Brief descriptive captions
--
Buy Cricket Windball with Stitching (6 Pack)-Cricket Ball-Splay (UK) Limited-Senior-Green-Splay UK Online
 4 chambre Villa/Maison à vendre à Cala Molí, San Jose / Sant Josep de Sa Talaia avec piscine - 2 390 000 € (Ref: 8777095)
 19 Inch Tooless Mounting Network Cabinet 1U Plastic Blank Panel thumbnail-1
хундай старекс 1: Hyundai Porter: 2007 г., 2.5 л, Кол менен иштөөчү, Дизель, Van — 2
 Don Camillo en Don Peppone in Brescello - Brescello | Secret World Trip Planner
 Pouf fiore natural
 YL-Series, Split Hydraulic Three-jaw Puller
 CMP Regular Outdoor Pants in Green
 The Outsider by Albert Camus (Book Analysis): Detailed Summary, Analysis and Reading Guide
--
▸ **Exercise instructions**:
Copy out exactly the lines from the one containing "хундай старекс 1: Hyundai" through the last line above, keeping both end lines.

▸ **Exercise answer**:
хундай старекс 1: Hyundai Porter: 2007 г., 2.5 л, Кол менен иштөөчү, Дизель, Van — 2
 Don Camillo en Don Peppone in Brescello - Brescello | Secret World Trip Planner
 Pouf fiore natural
 YL-Series, Split Hydraulic Three-jaw Puller
 CMP Regular Outdoor Pants in Green
 The Outsider by Albert Camus (Book Analysis): Detailed Summary, Analysis and Reading Guide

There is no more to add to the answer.